▶ **TASK DIRECTIONS**
All entries below must be output word for word, and the pictures left behind.

▶ **STUDY MATERIAL**
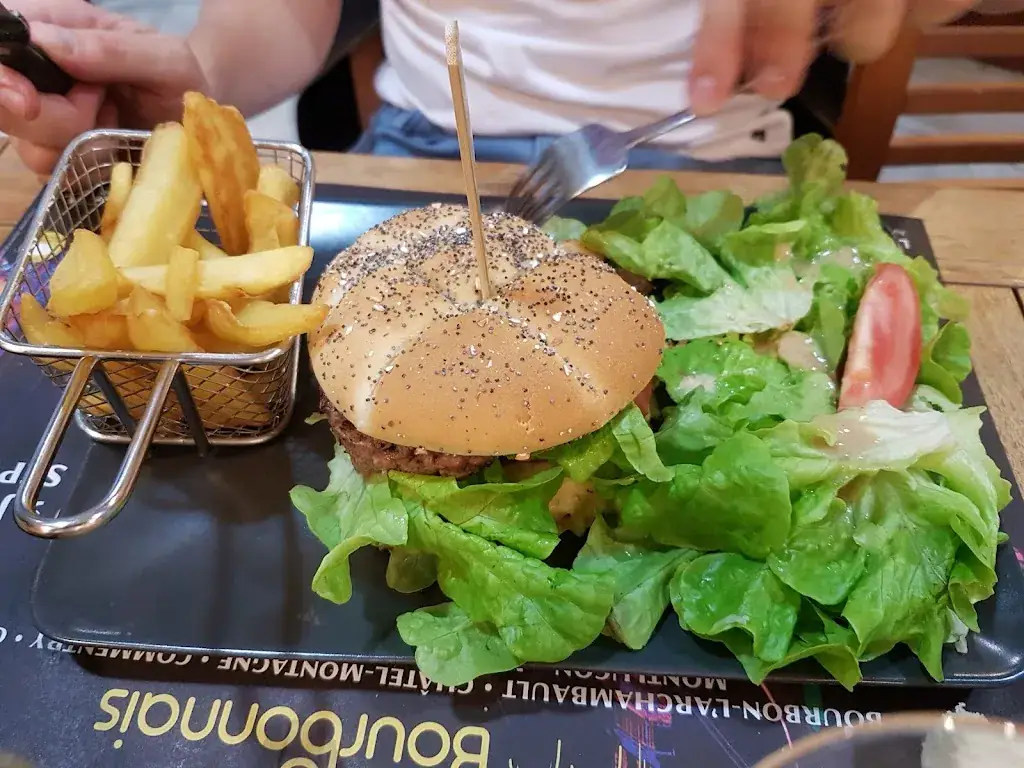 Restaurant La Columelle_Néris-les-Bains_slider_image_1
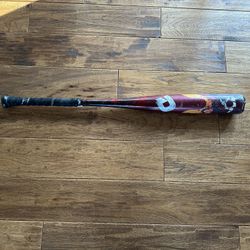 Demarini Voodoo One 2021  31/28 bbcor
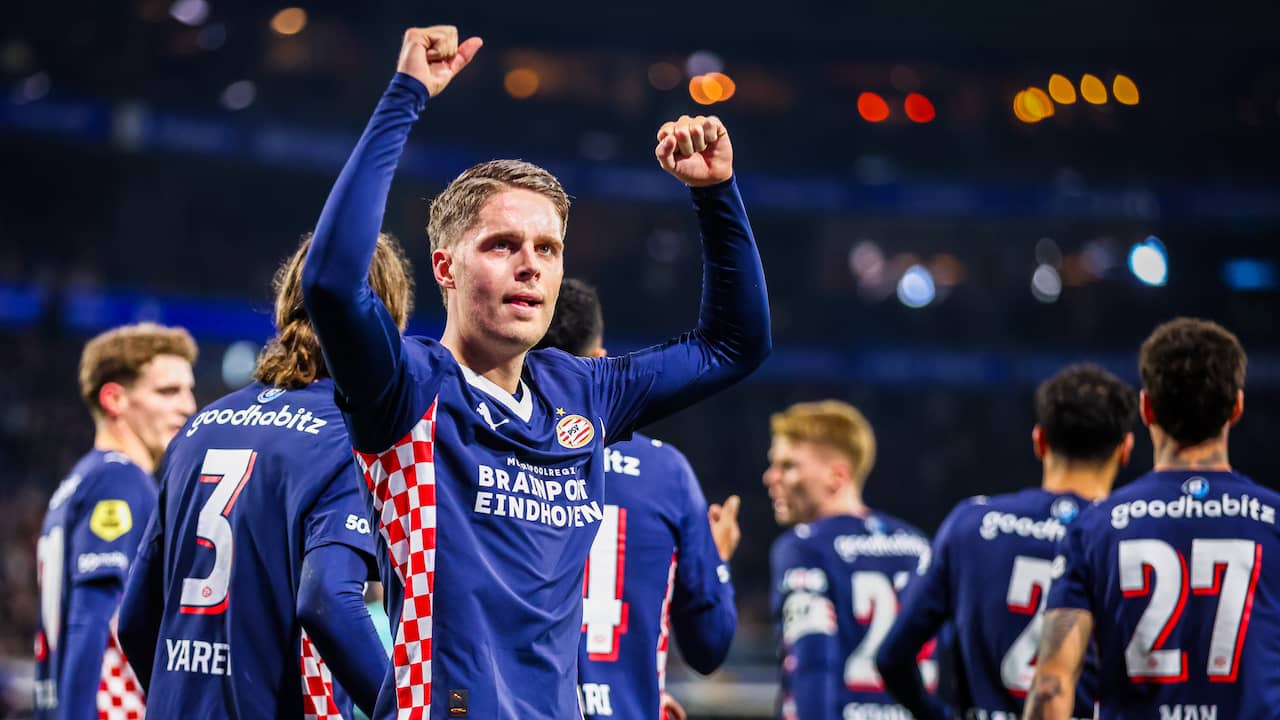 PSV boekt op bezoek bij Heerenveen negende overwinning op rij in Eredivisie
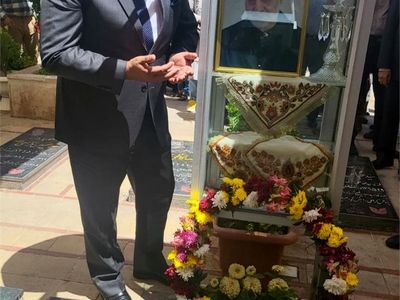 یادداشت وزیر فرهنگ لبنان برای شهید حاج قاسم سلیمانی/ مقاومت تو کمر متجاوزان را به خاک مذلت کشید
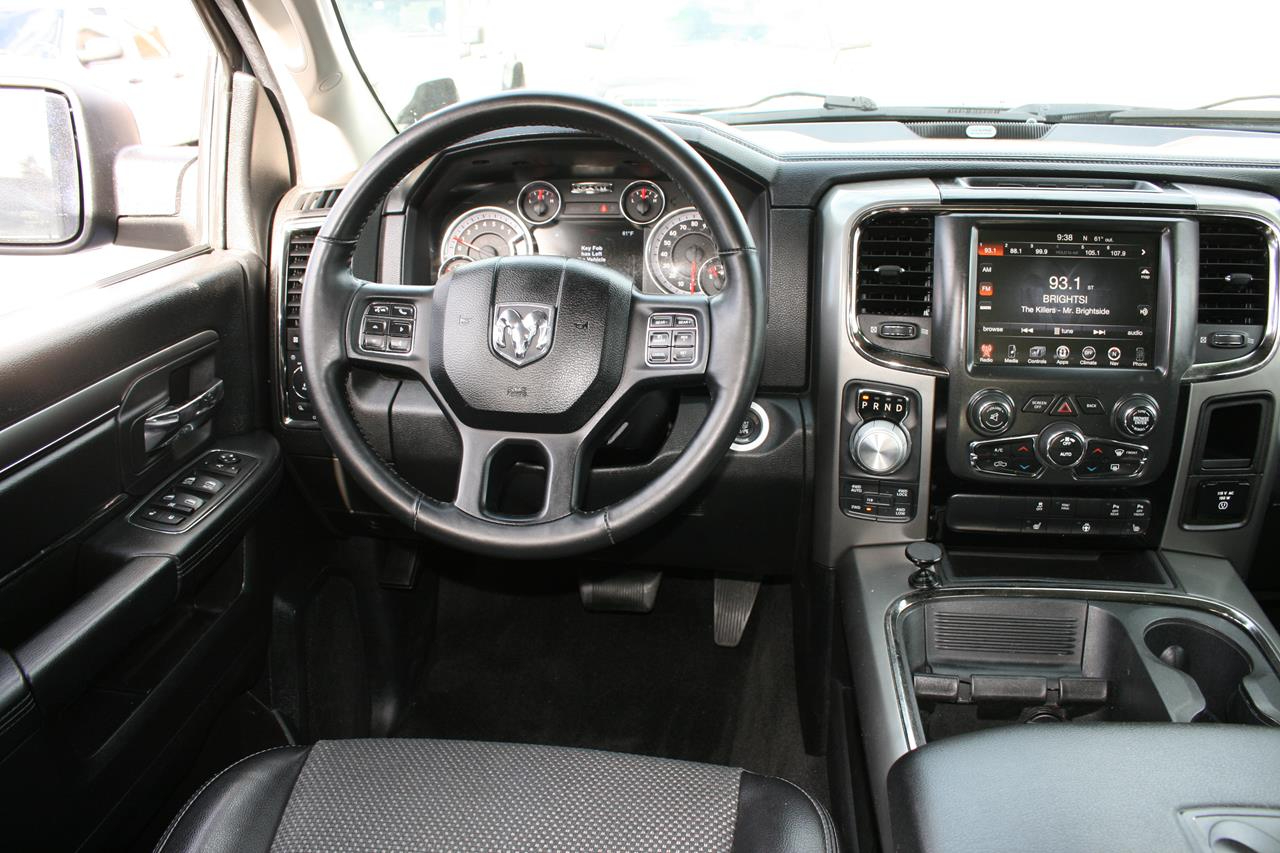 RAM 1500 4WD Crew Cab 140.5" Sport 2015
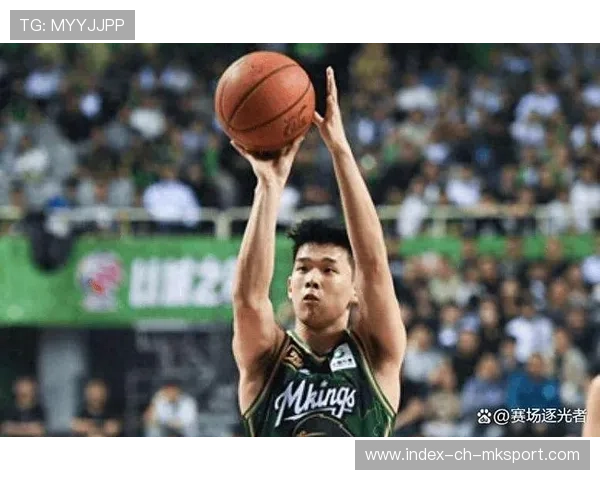 NCAA18岁新星三分12中10全美爆红——足球场的青春奇迹 NCAA18岁新星三分12中10全美爆红——足球场的青春奇迹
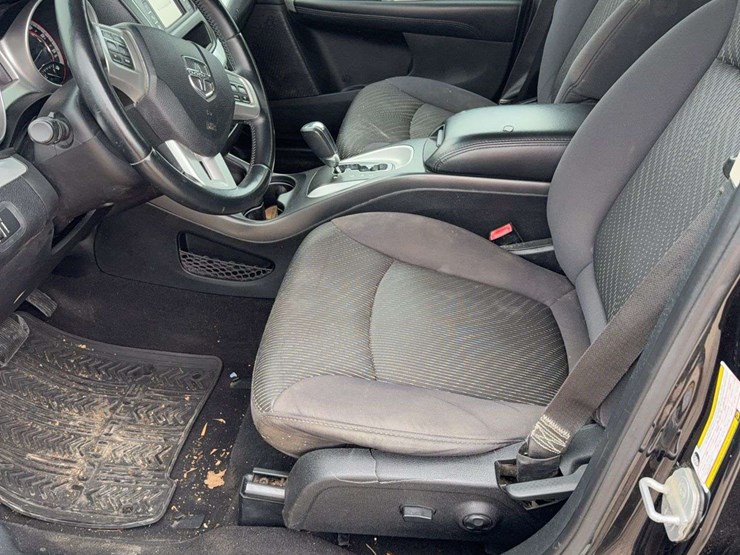 2012-dodge-journey-sxt-image-8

▶ **EXPECTED OUTPUT**
 Restaurant La Columelle_Néris-les-Bains_slider_image_1
 Demarini Voodoo One 2021  31/28 bbcor
 PSV boekt op bezoek bij Heerenveen negende overwinning op rij in Eredivisie
 یادداشت وزیر فرهنگ لبنان برای شهید حاج قاسم سلیمانی/ مقاومت تو کمر متجاوزان را به خاک مذلت کشید
 RAM 1500 4WD Crew Cab 140.5" Sport 2015
 NCAA18岁新星三分12中10全美爆红——足球场的青春奇迹 NCAA18岁新星三分12中10全美爆红——足球场的青春奇迹
 2012-dodge-journey-sxt-image-8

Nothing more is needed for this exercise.